Setting up
library(tidyverse) # open our beloved package
salesData <- ____ #load the dataframe "examData.csv"
___(___) # how do look at the *structure* of the dataframe (it's not head()...)
The data we will be analyzing today is called salesData
. A junior data scientist of a music record company is asked to predict physical and downloaded album sales from the mount of money spent advertising that album. They don’t know how to do that, let’s help them!
Which variables do you think the data scientist needs? what is the predictor and the predicted variables?
Visualize the data
Ok, let’s scatter plot the two variables.
plotSales <- ggplot(__________)+
geom_____() #+
#geom_smooth(method='lm') # with this line we plot of best-fit line
plotSales
Modelling
Now we are ready to construct our linear model.
salesModel <- lm(dv ~ iv, data = ______) # what is our DV and IV/predictor/factor?
salesModel # take a look at the model to retrieve the coefficients for the intercept and the slope
You can also test the slope against the null hypothesis
summary(______) # let's read it together
Given the intercept and the slope values, what is the right equation?
intercept = ____ # this is the value of y when x=0
slope = ____ # this is the degree of change of y with respect to x
x = 1 # you can change the value of x so to see the predicted sales!
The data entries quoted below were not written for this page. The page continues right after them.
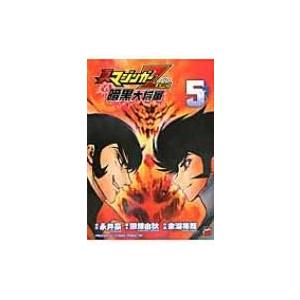 真マジンガーzero Vs 暗黒大将軍 5 チャンピオンredコミックス 余湖裕輝 コミック Hmv Books Online Yahoo 店 通販 Yahoo ショッピング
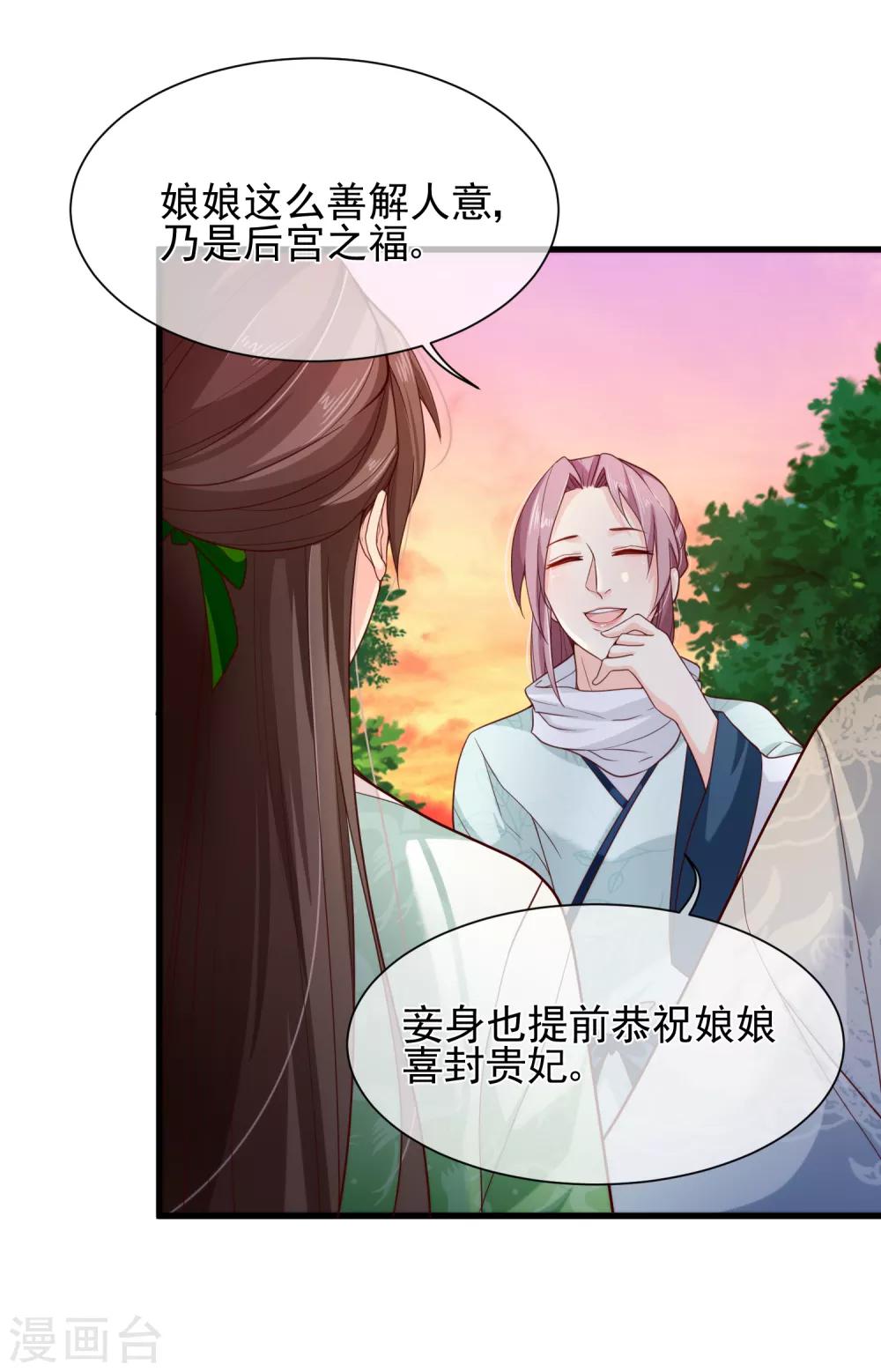 第82话 我就是个没人要的野种？-第85话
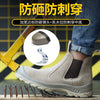 Electric Welding Safety Shoes Mid-Top Tie Breathable Protective Footwear Safety Shoes Attack Shield and Anti-Stab Men's Boots Oil Solid Bottom Dustproof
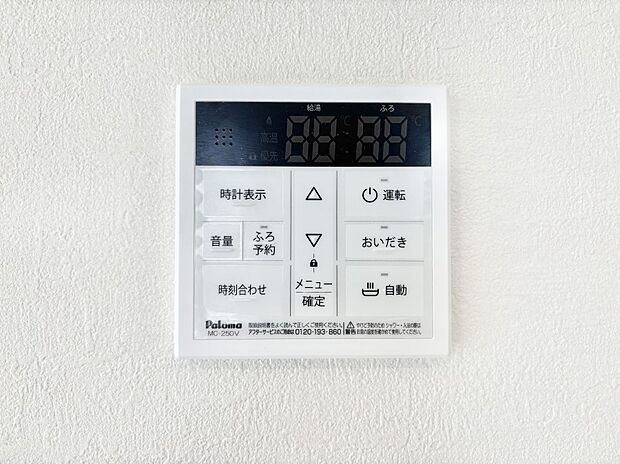 【その他設備(キッチン給湯スイッチ)】給湯器リモコンで家事もスムーズに。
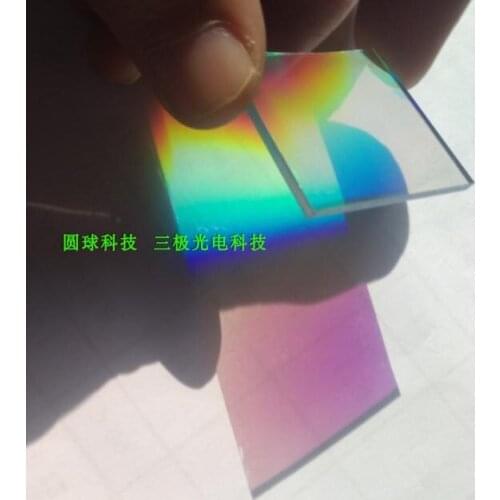 100 Line 200 Line 300 Line 500 Line 600 Line 1000 Line 20*20mm Two-dimensional Holographic Orthogonal Grating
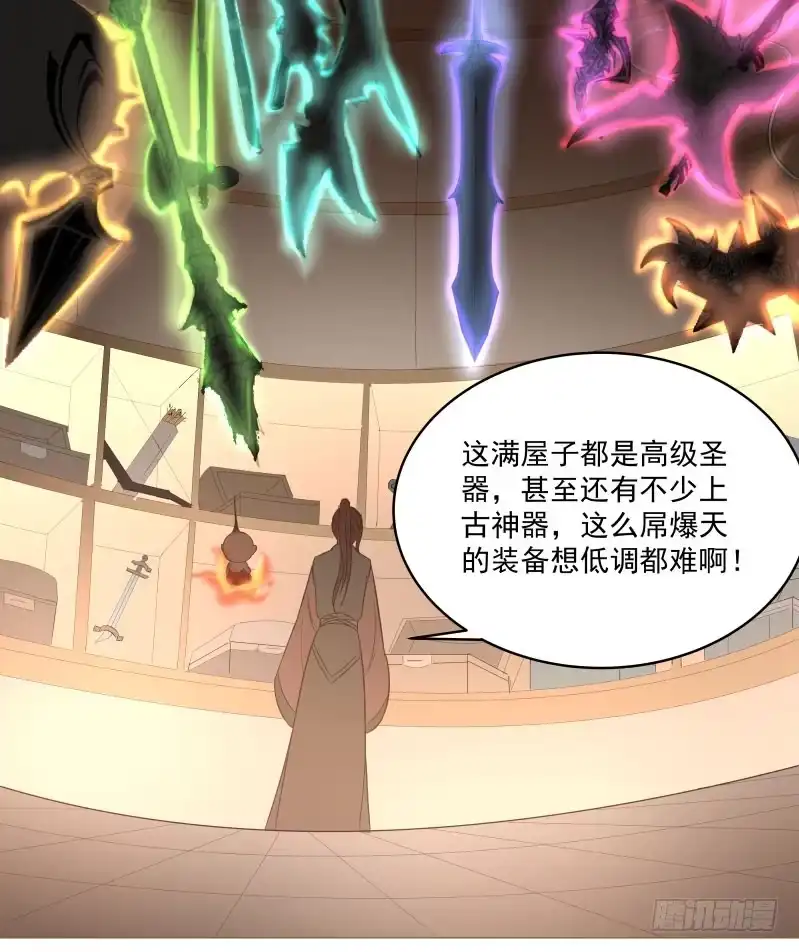 《爆宠狂妻之神医五小姐》14.就问你服不服？ 第1页
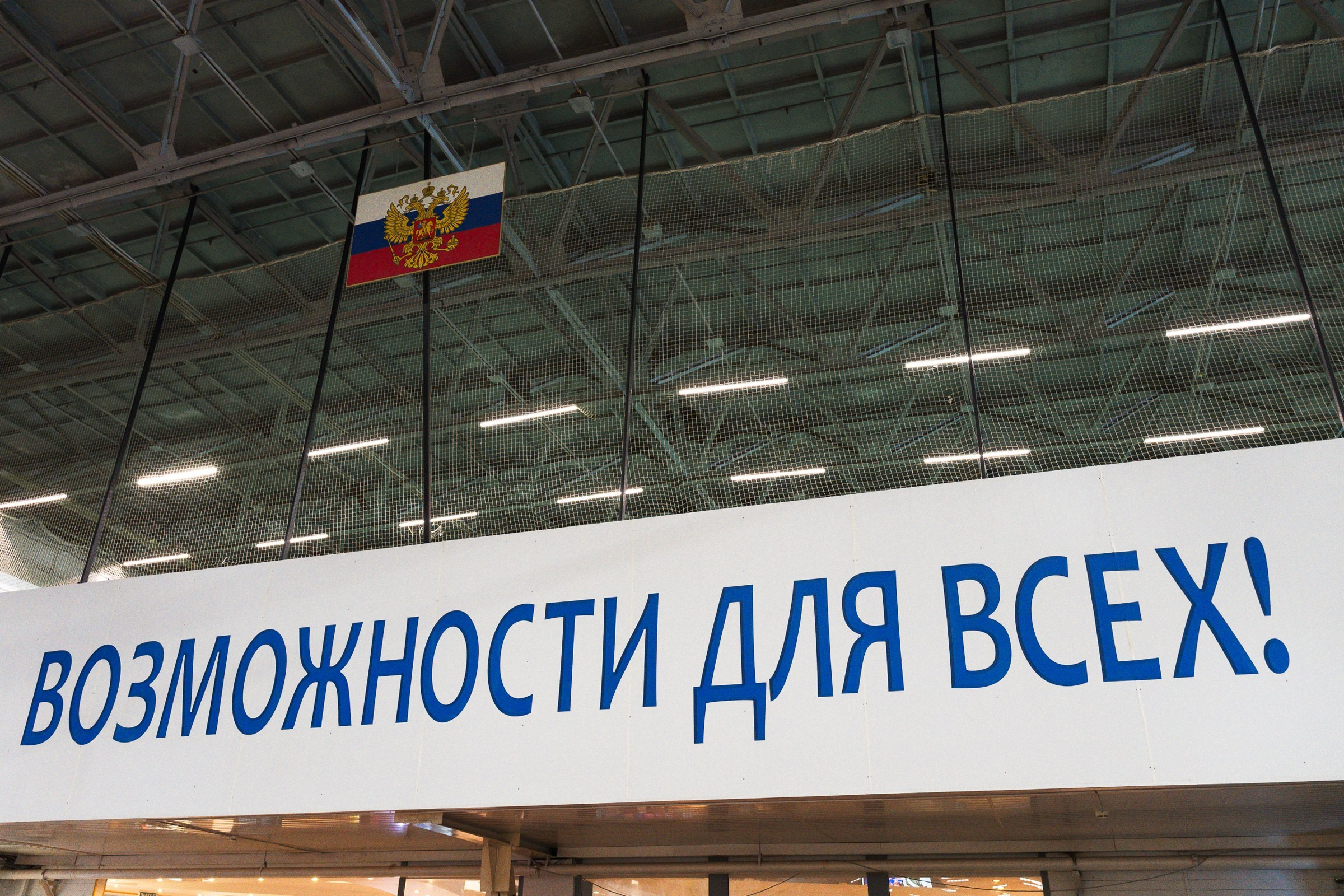 Лёгкая атлетика — спартакиада Транснефти. Репортажный фотограф в Санкт-Петербурге — Эдуард Фазлетдинов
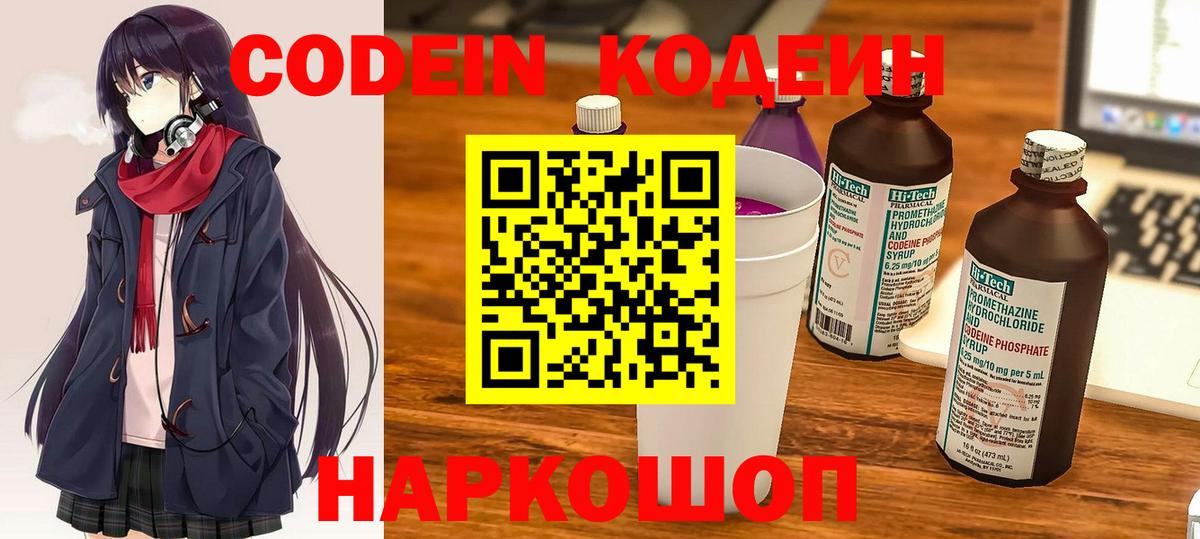 Кодеин напиток Lean (лин)  Вход с VPN  Королёв 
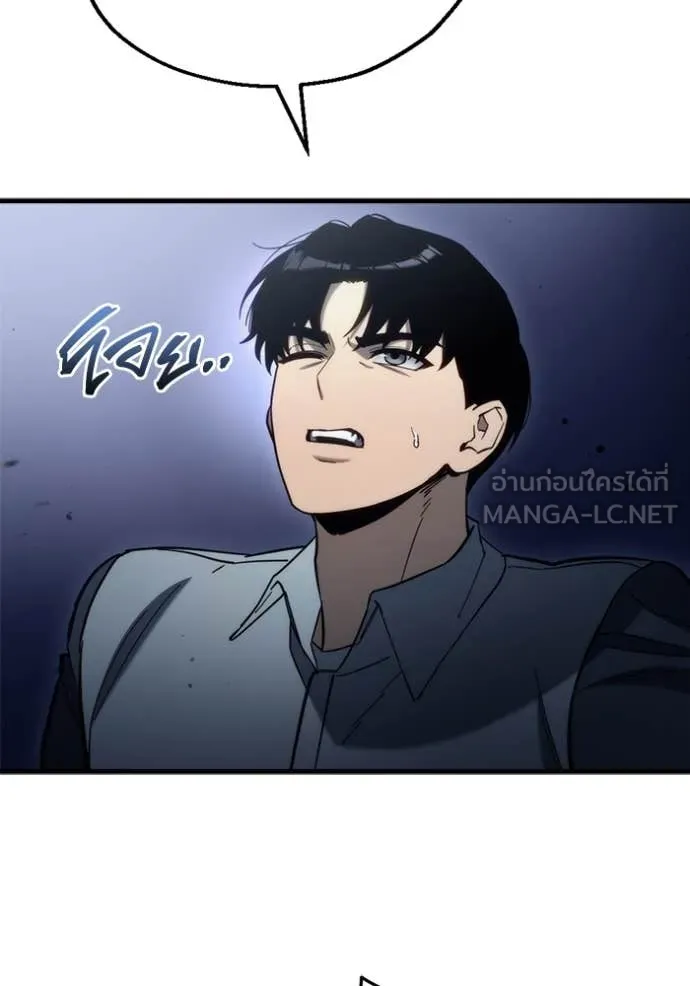 หน้า 112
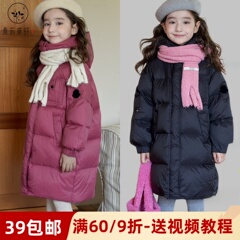 素衣彼时3322冬季亲子中长款羽绒服纸样宽松休闲连帽外套裁剪样板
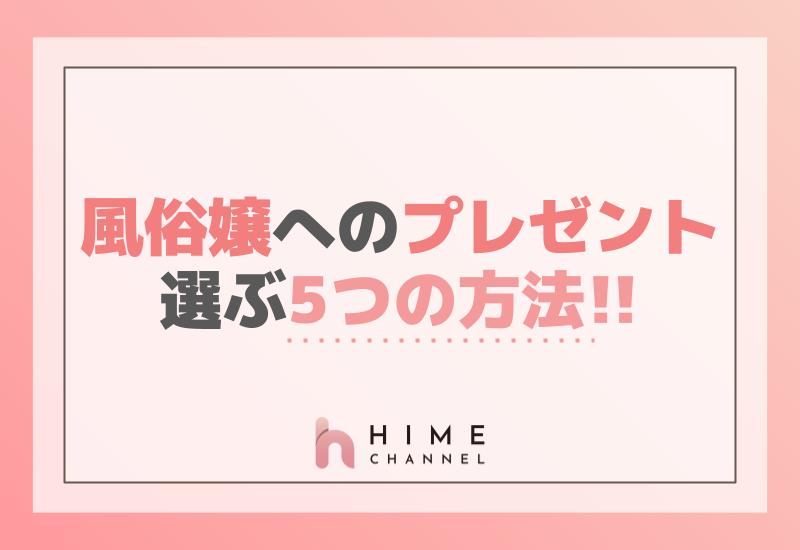 風俗嬢へのプレゼントを選ぶ5つの方法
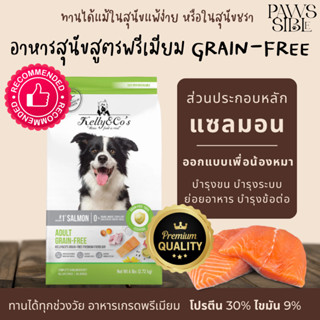 [Paws-sible] แบ่งขาย Kelly and Co อาหารสุนัขเกรนฟรี พรีเมี่ยม อาหารสุนัขแพ้ง่าย หมาแพ้ไก่ สุนัขแพ้ไก่ อาหารหมาแก่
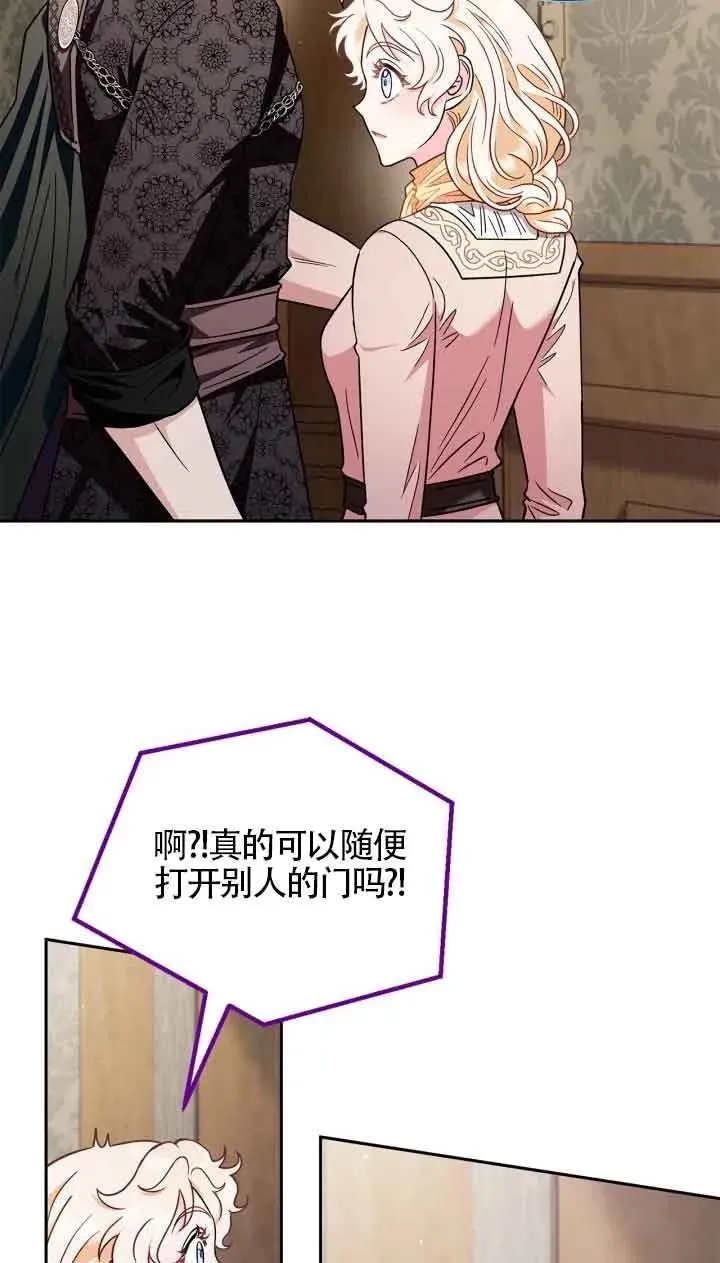 第18话 第30页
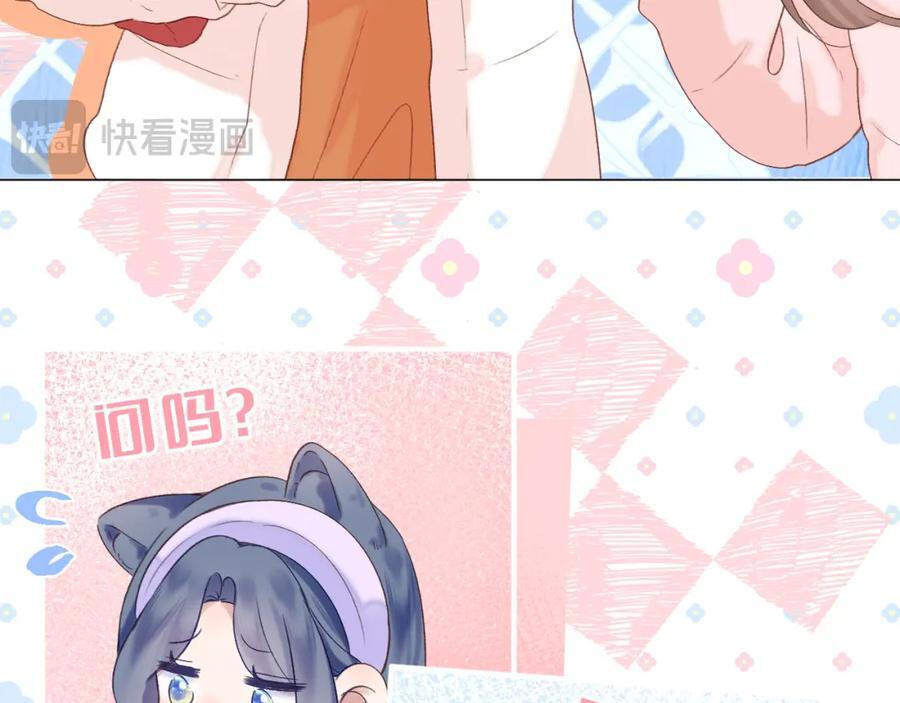 第76话 我有一个朋友……71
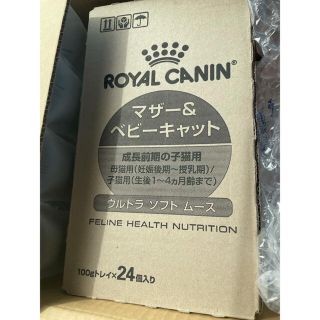 ロイヤルカナン(ROYAL CANIN)のロイヤルカナン　ウルトラソフトムース　24個(ペットフード)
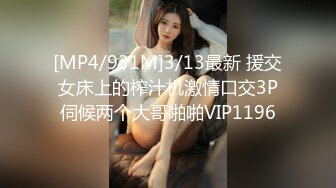 STP26140 ?淫乱性爱? 花嫁女神梦中的婚礼▌悍匪先生▌准新娘大开M腿肉棒侵取 无套爆艹怒射小嘴好淫荡的浓白汁液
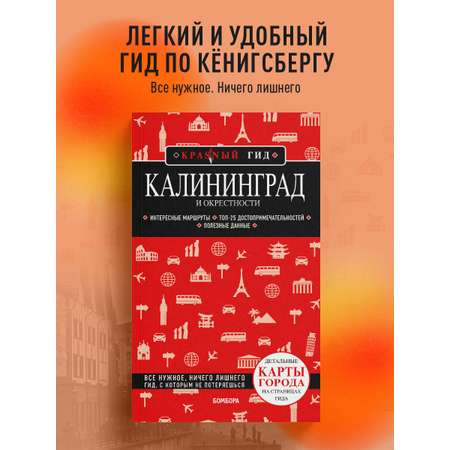 Книга БОМБОРА Калининград и окрестности 6-е изд., испр. и доп.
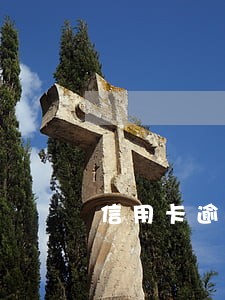 信用卡逾期12次影响公积金贷吗 信用卡逾期12次影响公积金贷吗
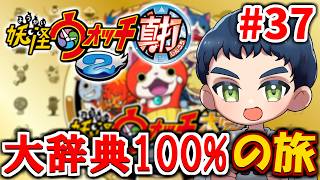 【妖怪ウォッチ2】大辞典コンプを目指そう #37(本家限定妖怪コンプへ)【86%～】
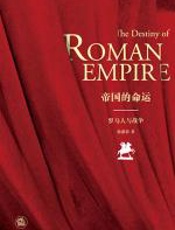 帝国的命运：罗马人与战争 - 韩满春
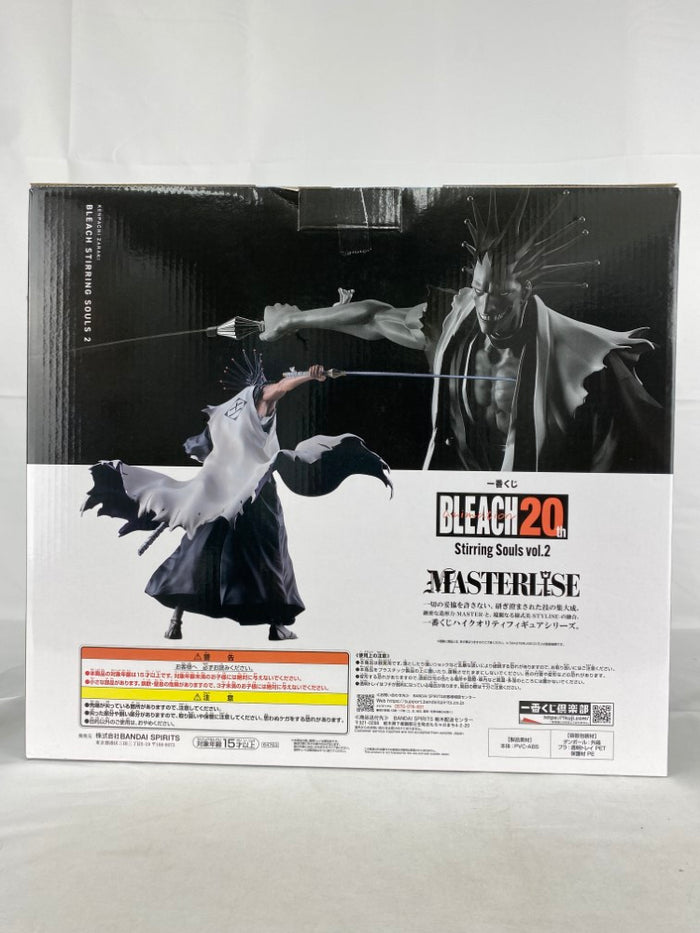 中古】【未開封】更木剣八 「一番くじ BLEACH-ブリーチ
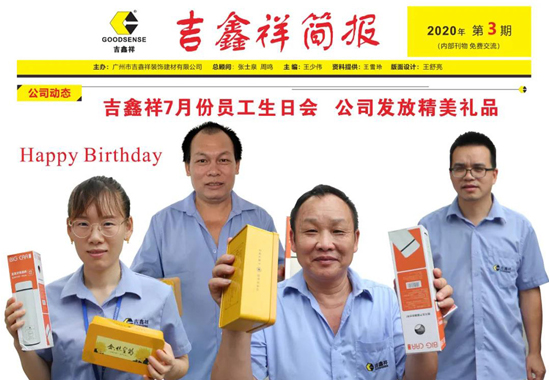 吉鑫祥7月份員工生日會
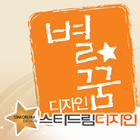 스타드림 디자인(별꿈 - 명함,전단지,현수막,어플제작) icono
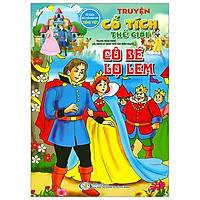 Truyện Cổ Tích Thế Giới – Cô Bé Lọ Lem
y_hat = _____ + ( ____ * x ) # this is our equation for albums Sales!
Predicting new data
Cool, can you predict how many album sales will be sold if we spend 400k AED as ads on that album? There are two methods to do this in R.
- Our favorite – apply the equation by hand
x_400k = _______ # this is our new value of x (the amount of money we would be willing to spend as ads to promote the album)
y_hat = # just retype the equation above and replace the old x with our new x
- Use the
predict()
function
First create a new data with the adverts variable (with 3-5 values: 400000, …). That variable will represent the amount spent for the album promotion.
albumPromo <- data.frame(adverts=c(________))
Then, apply the model to the dataframe albumPromo
.
predict(your_model, new_data) # substitute the arguments within the function with the right variables! Taaah-daaan! :)